> **PROVIDED MATERIAL**:
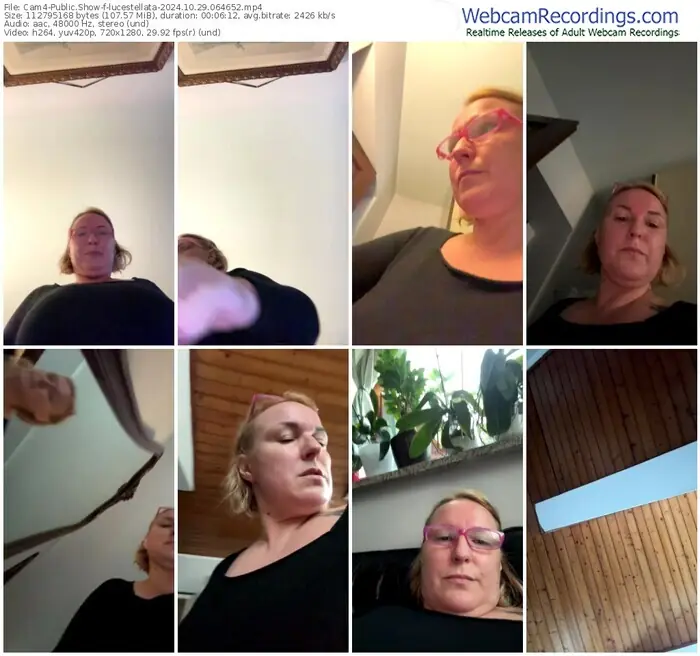 2024/10/29/cam4-lucestellata-06-46-52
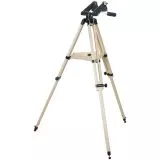 Berlebach Montierung Panoramic Advanced AZ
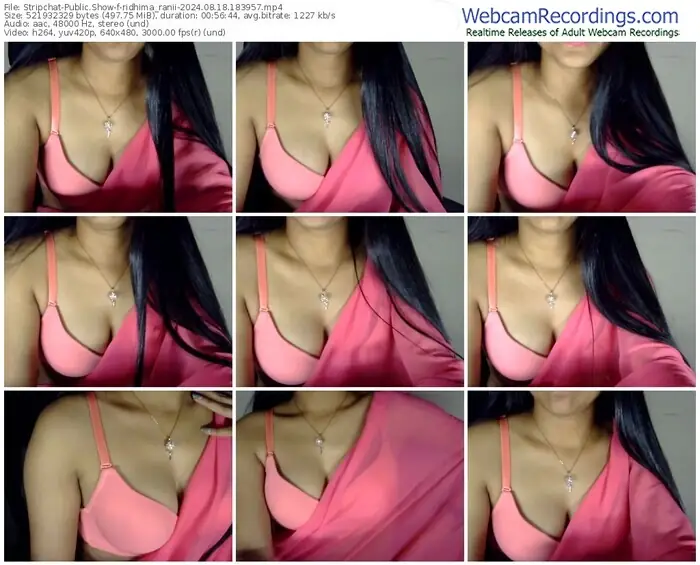 stripchat-ridhima_ranii-08-18-2024-18-39-57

> **TASK PROMPT**:
Find the line that contains "Berlebach Montierung Panoramic Advanced AZ" and repeat it, along with every line after it to the end of the data, exactly; drop the pictures.

> **FINISHED TASK**:
 Berlebach Montierung Panoramic Advanced AZ
 stripchat-ridhima_ranii-08-18-2024-18-39-57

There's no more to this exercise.